It's one thing to be told you're "Saddam Hussein" amid emails shot north from a clutch of crazed Cuban-Americans in Miami after you pan the Andy Garcia-directed The Lost City (June 2006), set in '50s Havana. (Apparently—thanks, Internet!—77 percent of Rotten Tomatoes' "Top Critics" agree with me, but not Ebert, typically soft-as-runny-Brie.) Although I never mentioned the cigar-chomper, the e-missives not only tried to Castro-hate me—one accused me of being socialist-funded by the University of Alberta.
It's another thing—"progress"?!?—when one of hundreds of responses, at RT and Vue, to my two-star review (BACKSTORY: I dislike stars—they're a snappy visual for people too lazy or busy to read 200 – 350 words of actual criticism) of the thankfully final Harry Potter film didn't liken me to Gadhafi, at least, but accused me of "trolling." And there were a few thoughtful comments sprinkled among the cyber-heckles. Still, if comment boards and other web-features keep people reading reviews, good, but I'm skeptical that, given the Net's speed and rant-and-rave-iness, any more people are embroiling themselves in critical, contextual, and historical discussions of films. Only a few commenters actually grappled with any of my 12 specific evaluative points about the HP8 movie.
A review's an informed argument—as grounded in the movie's genre and socio-historical context and supported by evaluative analysis as can be, given its word count. Online, where everyone can pretend to be a critic, there's little point throwing out credentials to deny "trolling" status. (QUIRKY ART-FILM TANGENTIAL SCENE: Technology's also changed studios' faltering fight against piracy. A few times in 2004, I remember being wanded over with a metal-detector, airport security-style, outside the theatre, to ensure I had no recording electronics; this year, at last, a film's distributor provided me with a one-view-only screener I could upload.) All I can do is keep writing playfully thoughtful, in-depth analyses of films' esthetics and subtext—especially their politics—while avoiding much talk about actors (since celebrity-image becomes part of the mix and you risk turning off a reader who's, say, anti-Tom Cruise for whatever reason).
My enthusiasm for film hasn't waned (I still eagerly await the next Studio Ghibli film or the year's truly smart blockbuster) but my skepticism about the Hollywood formula-machine's deepened (CASE-IN-POINT MONTAGE OF CLIPS from copycat fairy-tale and vampire-hunting flicks, 2011- ).

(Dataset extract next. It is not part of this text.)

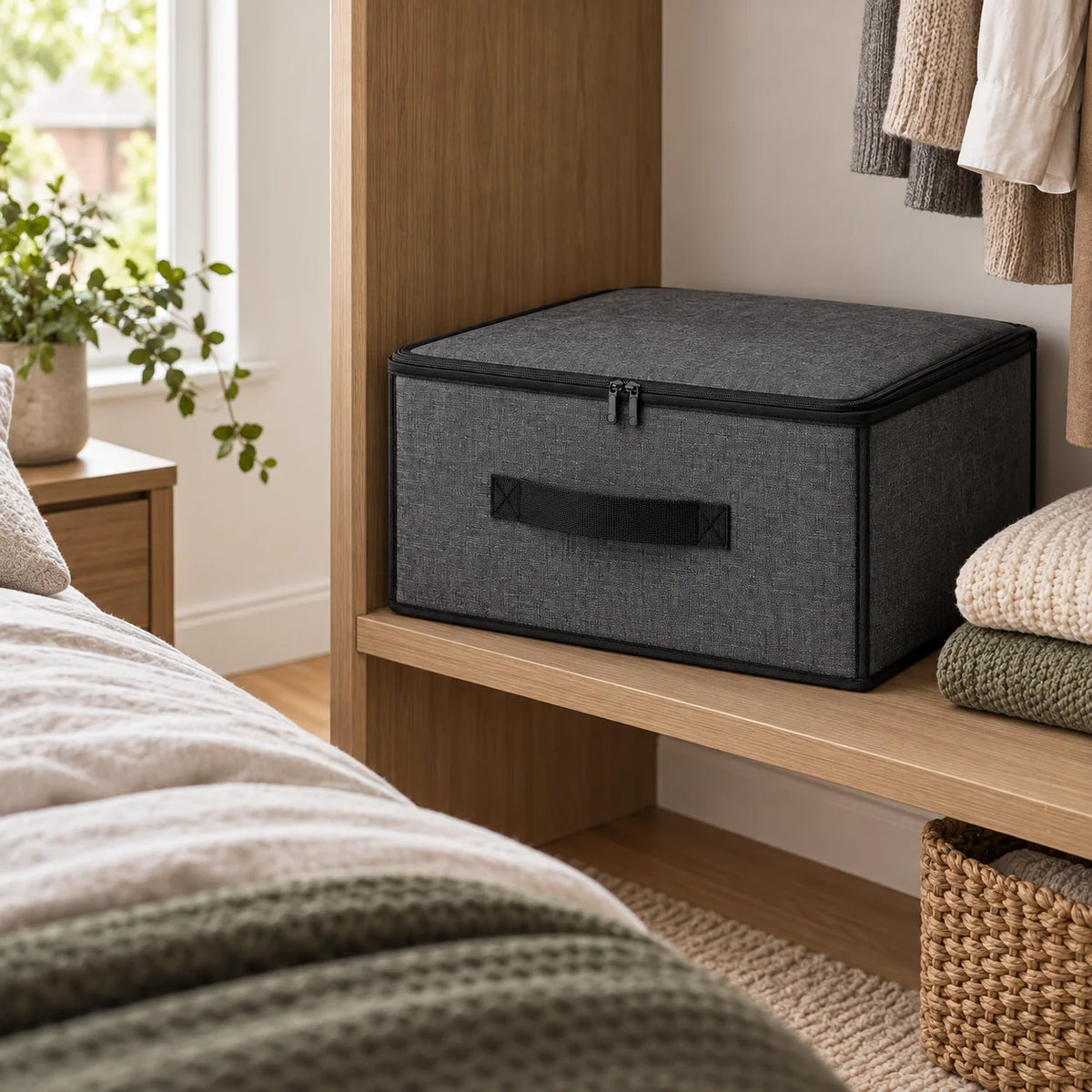 Charcoal Structured Wardrobe Storage Bag, Narrow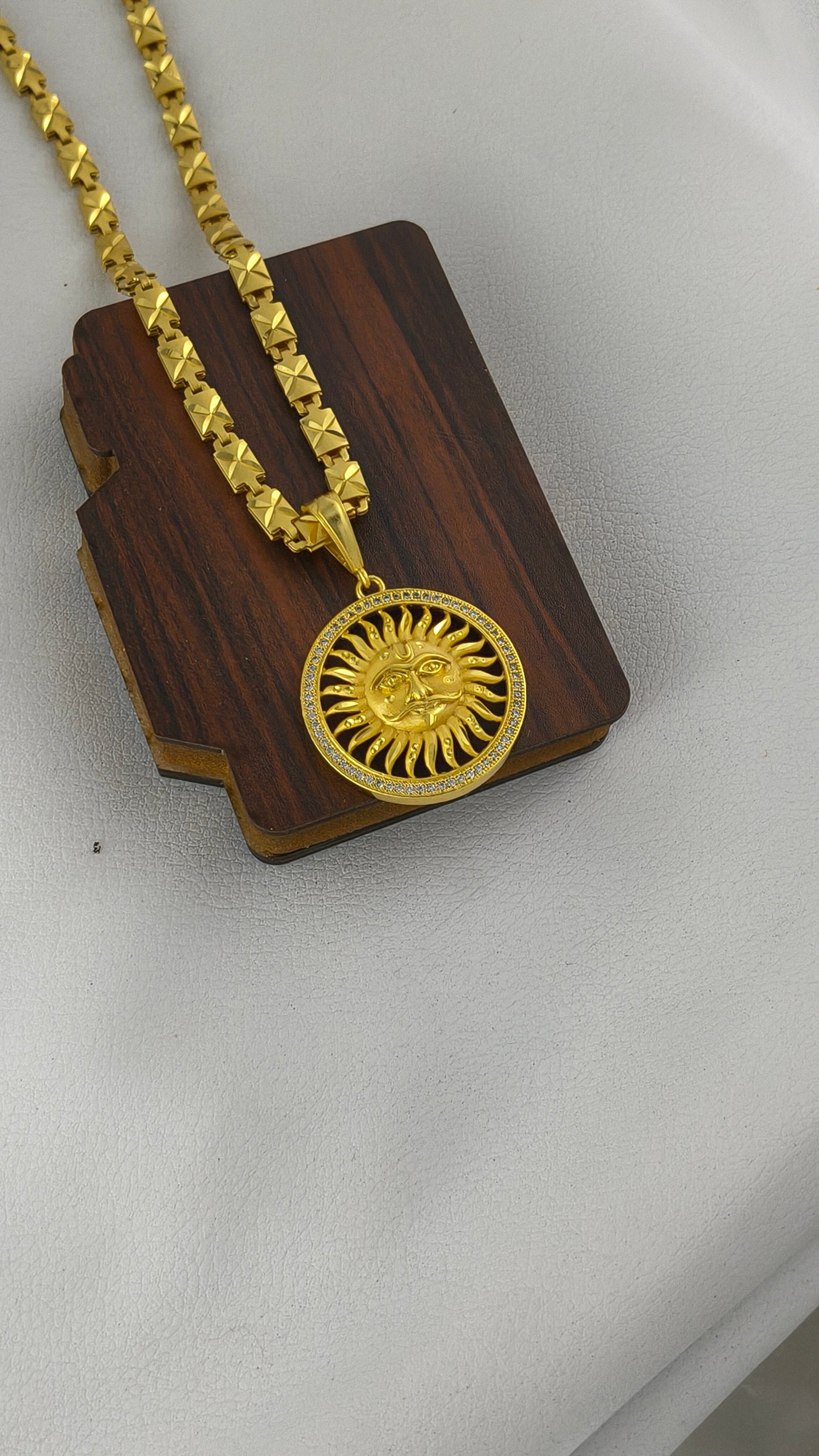 Gold plated premium surya pendant With Biscuit Chain for Men.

I hope my critic's pencil hasn't lost its pointedness—with Tinseltown spending so much money on its products (which influence our language, attitudes, stereotypes and "liberal values" in all sorts of insidious ways), it's up to we critics to take them to task for lazy humour, clichéd writing or inane politics. Call me lofty-minded, but that's why I don't subscribe to the fashionable notion "so bad it's good." Or, as film editor Walter Murch puts it, "The danger of a well-made bad movie [when it's unambiguous or too literal] is that it crushes the imagination of the audience."
So I distinguish a "movie" from a "film" and try to reflect the mood or tone of a flick as best I can to give its flavour to a reader without being snotty or dismissive (and apt puns allow me to whimsically tweak my language to reflect the movie's preoccupations). In the past decade, some base Hollywood obsessions have continued (the man-child hero, gay-panic, comic-book adaptations, few roles for 40+ women, shockingly few female directors) even as VOD and the WWW make it easier to see more challenging, artful cinema outside major cities. And there's been a surge in top-drawer documentaries (from Capturing the Friedmans to Exit Through the Gift Shop), some exciting newcomer-directors (Andrea Arnold, Cristian Mungiu, Jeff Nichols, Andrei Zvyagintsev), promising filmmakers reaching maestro-status (PT Anderson, the Dardennes, Michael Haneke), and leading lights who've faded away (David Gordon-Green, Lukas Moodysson).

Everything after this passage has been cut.